◆ **Provided data**:
------------------------------------------------------------
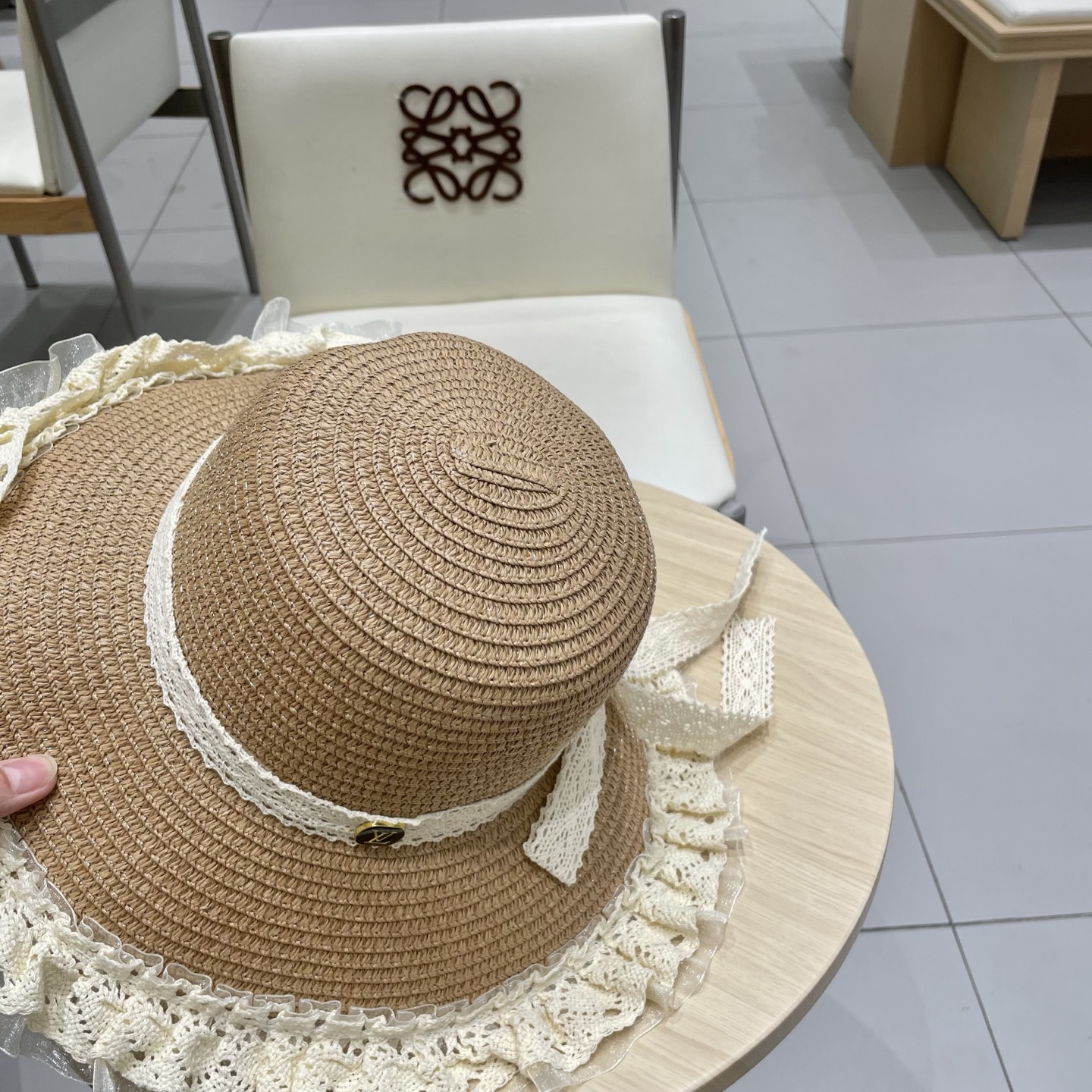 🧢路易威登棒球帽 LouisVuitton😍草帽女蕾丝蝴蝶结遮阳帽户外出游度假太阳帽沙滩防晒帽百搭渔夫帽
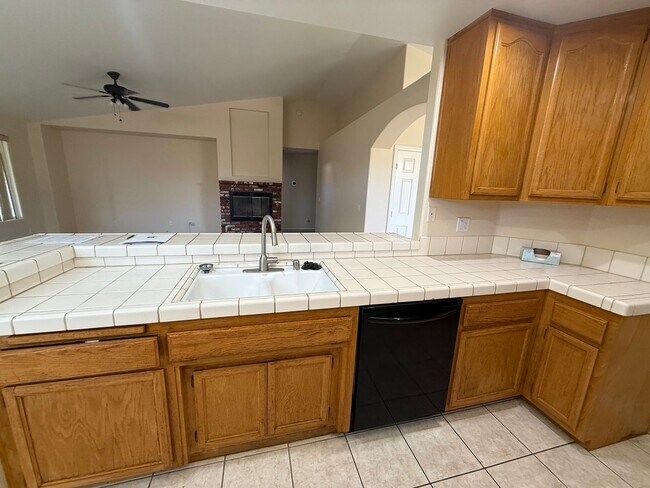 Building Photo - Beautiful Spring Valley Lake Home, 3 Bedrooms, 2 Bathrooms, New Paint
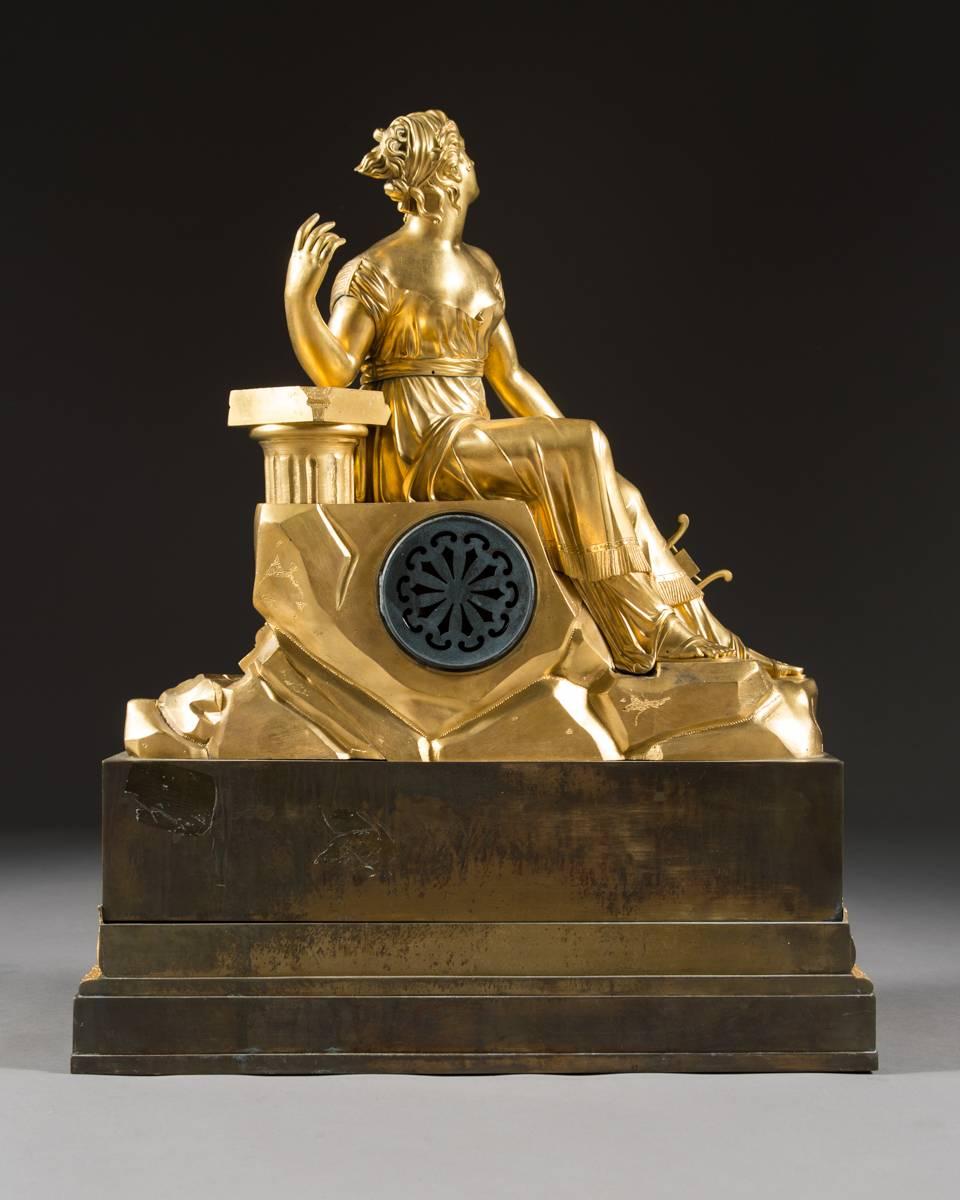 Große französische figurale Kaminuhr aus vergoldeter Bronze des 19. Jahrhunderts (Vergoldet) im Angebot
------------------------------------------------------------
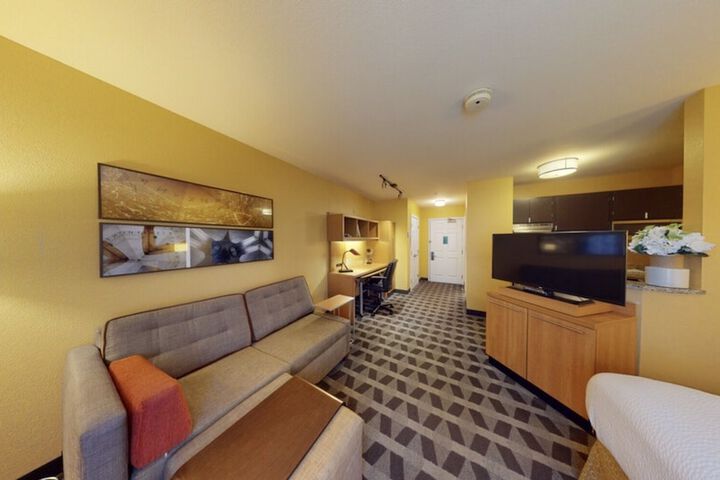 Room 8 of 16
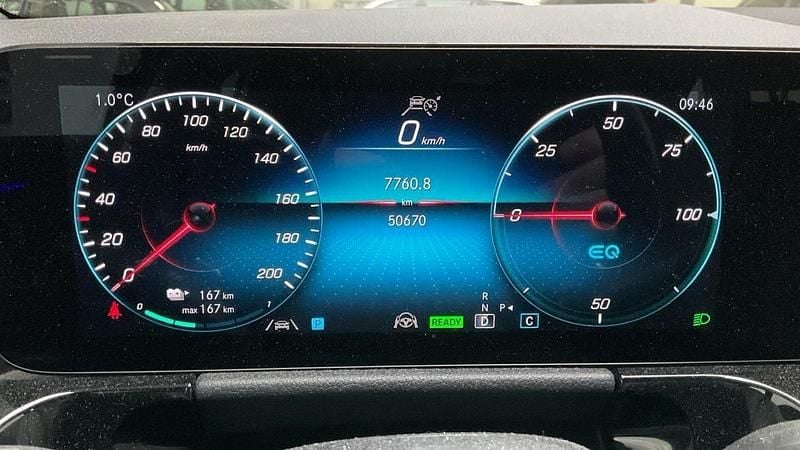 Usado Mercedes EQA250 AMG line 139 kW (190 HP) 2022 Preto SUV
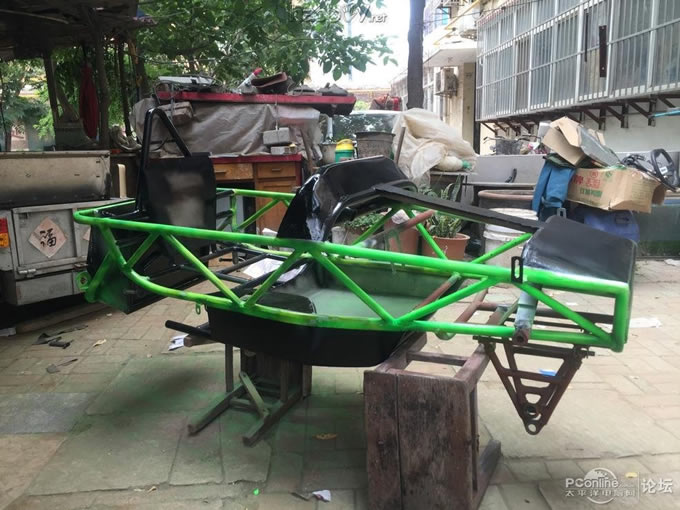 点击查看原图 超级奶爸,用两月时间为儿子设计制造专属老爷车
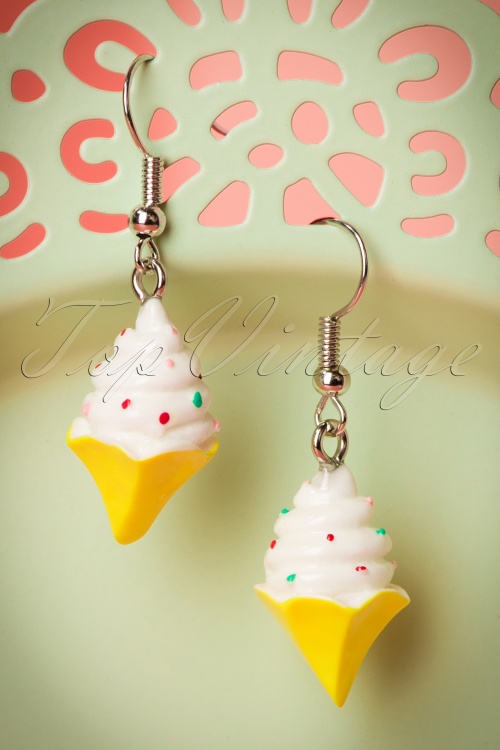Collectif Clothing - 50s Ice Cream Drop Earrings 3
------------------------------------------------------------
◆ **What to do**:
Give again, exactly as written above, every line from the one holding "点击查看原图 超级奶爸,用两月时间为儿子设计制造专属老爷车" to the one holding "Collectif Clothing - 50s", with both ends kept and the pictures left out.

◆ **Your solution**:
 点击查看原图 超级奶爸,用两月时间为儿子设计制造专属老爷车
Collectif Clothing - 50s Ice Cream Drop Earrings 3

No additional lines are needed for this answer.